Macvtap driver/agent migrates instances on an invalid physical network

Bug #1550400 reported by Andreas Scheuring on 2016-02-26
10
This bug affects 2 people
Affects Status Importance Assigned to Milestone
neutron
Medium
Andreas Scheuring

Bug Description

Scenario1 - Migration on wrong physical network - High Prio
===========================================================
Host1 has physical_interface_mappings: pyhsnet1:eth0, physnet2=eth2
Host2 has physical_interface_mappings: physnet1:eth1, physnet2=eth0

Now Live migration from an instance hosted on host1 (connected to physnet1) to host2 succeeds. Libvirt just migrates the whole server with its domain.xml and the macvtap is plugged on the targets side eth0.
Now the instance does not have access to its network anymore, but access to another physical network. The behavior is documented, however this needs to be fixed!

Scenario2 - Migration fails - Low Prio
======================================
Host1 has physical_interface_mappings: pyhsnet1:eth0
Host2 has physical_interface_mappings: physnet1:eth1

Let's assume a vlan setup.
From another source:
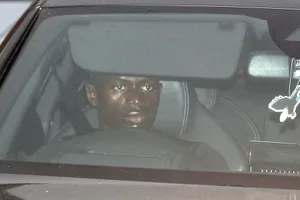 MU tiến gần đến Sadio Mane như thế nào?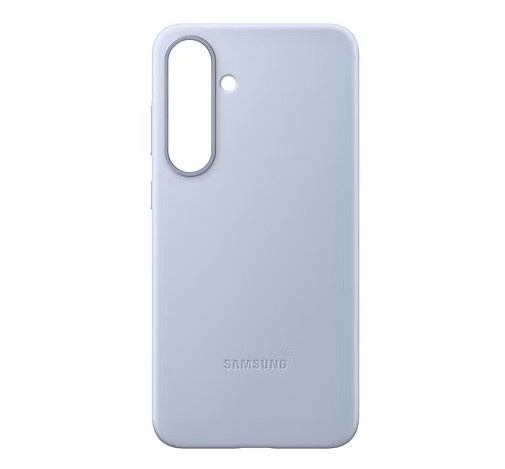 Etui Samsung Kindsuit Case do S25+ Jasnoniebieski EF-VS936PLEGWW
Let's assume a migration from host1 to host2. Host to does NOT have a interface eth0. Migration will fail in instance will remain active on the source, as nova plug on host2 failed to create a vlan device on eth0.

If you have a flat network - definition of he libvirt xml will fail on host2.

Two approaches are thinkable
* Solve the problem (Scenario 1+2)
* just prevent such an invalid migration (let scenario 1 fail like scenario 2 fails today)

Solve the problem
=================

#1 Solve it in Nova pre live migration
--------------------------------------

This would allow migration although physical_interface mappings are different.

a) On pre live migration nova should change the binding:host to the migration target. This will trigger the portbinding and the mech driver which will update the vif_details with the right macvtap source device information. Libvirt can then adapt the migration-xml to reflect the changes.

Currently the update of the binding is done in post migration, after migration succeeded. Can we already do it in pre_live_migration and on failure undo it in rollback ?
- There's no issue for the reference implementations - See the prototype: https://review.openstack.org/297100
- But there might be some mechanisms for external SDN Controllers that might shut down ports on the source host as soon as the host_id is being updated. On the other hand, if controller rely on this mechanism, they will set the port up a little too late today, as the update host_id is sent after live migration succeeded.

b) The alternative would be to allow a port to be bound to multiple hosts simultaneously. So in pre_live migration, nova would add a binding for the target host and in post_live_migration it would remove the original binding.
This would require
- simultaneous port binding. This will be achieved by https://bugs.launchpad.net/neutron/+bug/1367391
- allow such a binding for compute ports as well
- Update APIs to reflect multiple port_bindings
  - Create / Update / Show Port
  - host_id is not reflect for DVR ports today [1]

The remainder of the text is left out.